▶ Exercise:
A partial copy is required: transcribe exactly the lines from the one containing "Now take it" through the last line below, without any pictures.

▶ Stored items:
((
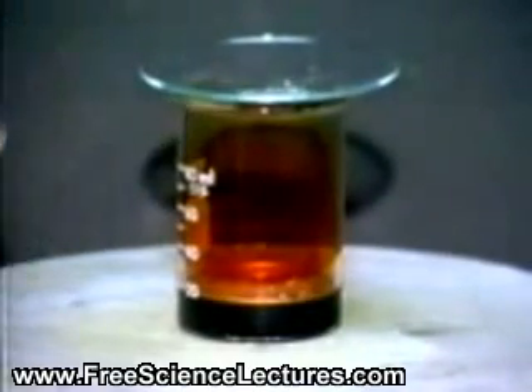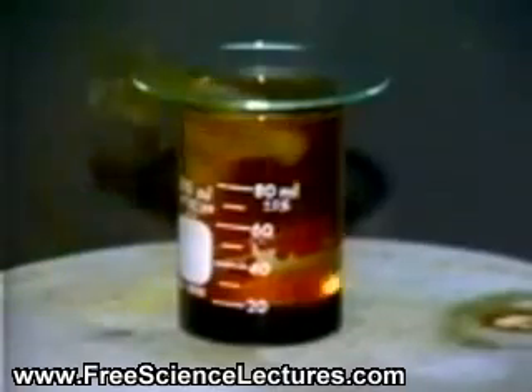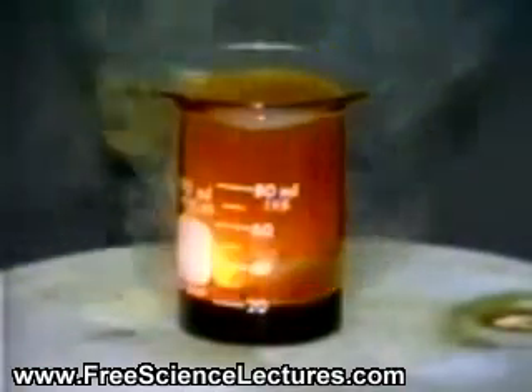The light aluminum pellets and aluminum powder float on the bromine surface. Within a few moments, they begin to react exothermically. The pellets skate around the bromine surface.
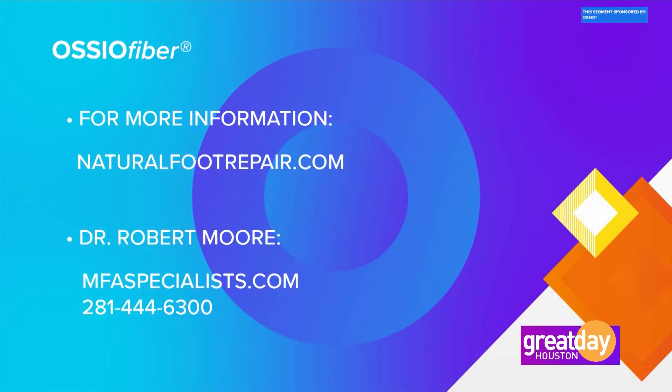Please tell me high heels have nothing to do with it. Nothing! Anyone interested in learning more about osseofiber can go online to naturalfootrepair.com, where you can find background information about the procedure and locate doctors. You can also visit Dr. Robert Moore's website at MFAspecialist.com, or give Dr. Moore a call at 281-444-6300.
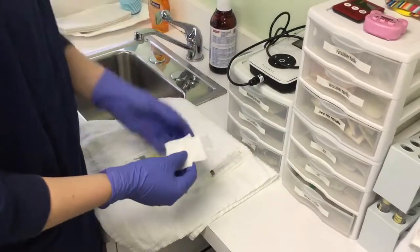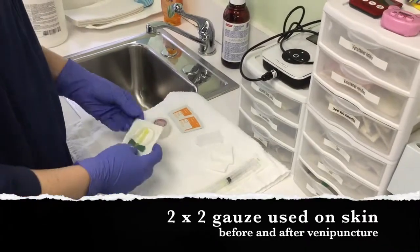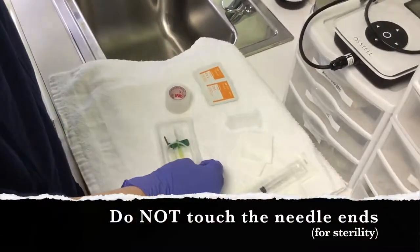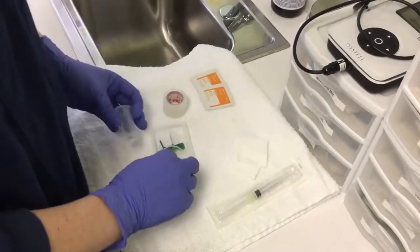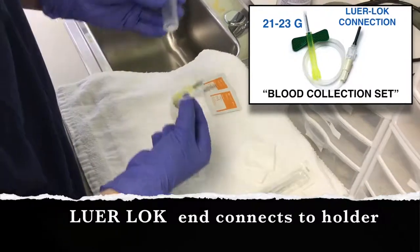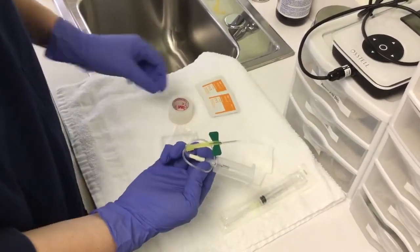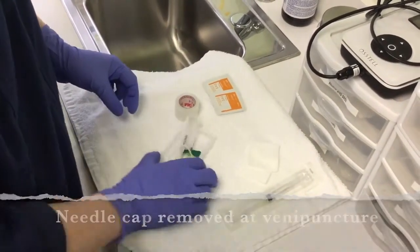We will need three pieces of 2x2 gauze. To set this up, you open the vacu-tainer needle without touching the needle itself. You grab the vacu-tainer holder and, without touching anything, place the gray piece and twist it until it's tight. Leave the cap on the needle — Dr. Kim will remove that himself and lay it back on the tray.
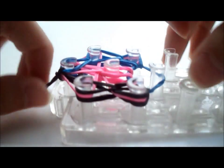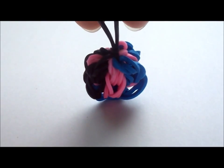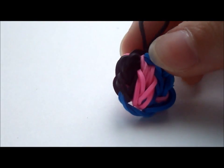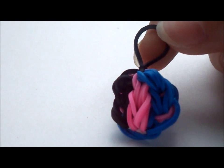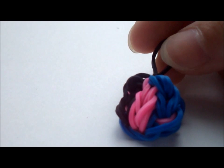Now take it off the loom. We are done with this charm! I hope you can make this successfully and that you like it, because this is really the only charm that I think I created. Thank you for watching — comment, rate, and subscribe. Bye!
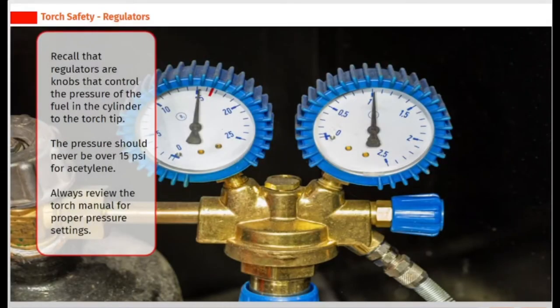Regulators are knobs that control the pressure of the fuel in the cylinder to the torch tip. The pressure should never be over 15 pounds per square inch for acetylene. Always review the torch manual for proper pressure settings.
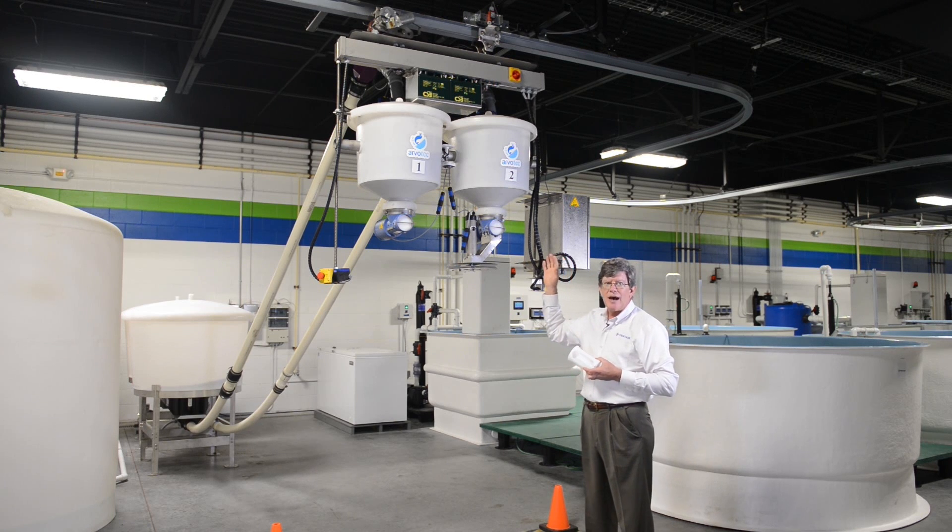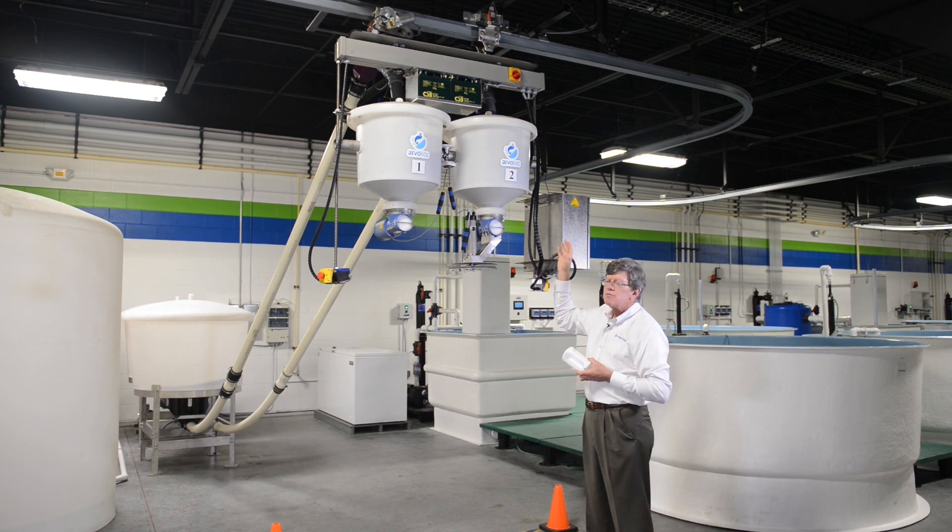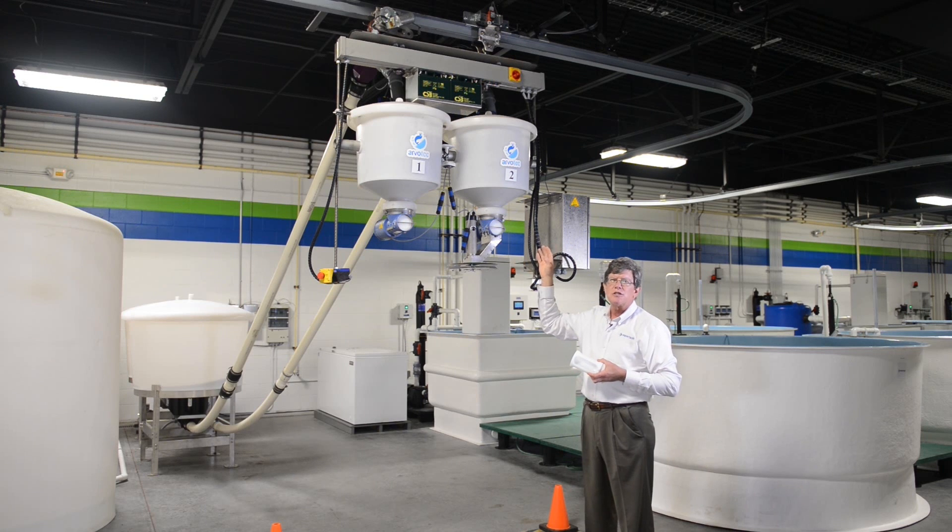It's now at its home station, so it comes back here to the home station to charge its batteries and also to fill new feed into the unit. So, the Arvotec Robotic Feeder.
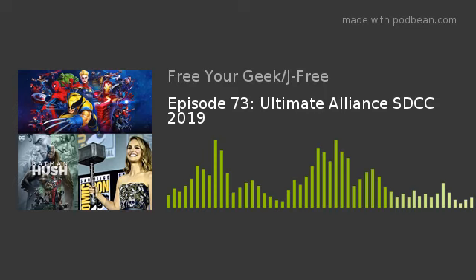Welcome to the Free Your Geek podcast. I am your host Jay Free, with me per usual, Mr. KB the Geek. We settled on Jay Free the Geek and KB the Geek — that makes sense. We have a couple different things today; this is almost like a review show. We're going to review Marvel Ultimate Alliance 3 for the Nintendo Switch, give a quick review on Batman Hush, and then go into the big news from San Diego Comic-Con.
))
▶ Answer area:
Now take it off the loom. We are done with this charm! I hope you can make this successfully and that you like it, because this is really the only charm that I think I created. Thank you for watching — comment, rate, and subscribe. Bye!
Regulators are knobs that control the pressure of the fuel in the cylinder to the torch tip. The pressure should never be over 15 pounds per square inch for acetylene. Always review the torch manual for proper pressure settings.
It's now at its home station, so it comes back here to the home station to charge its batteries and also to fill new feed into the unit. So, the Arvotec Robotic Feeder.
Welcome to the Free Your Geek podcast. I am your host Jay Free, with me per usual, Mr. KB the Geek. We settled on Jay Free the Geek and KB the Geek — that makes sense. We have a couple different things today; this is almost like a review show. We're going to review Marvel Ultimate Alliance 3 for the Nintendo Switch, give a quick review on Batman Hush, and then go into the big news from San Diego Comic-Con.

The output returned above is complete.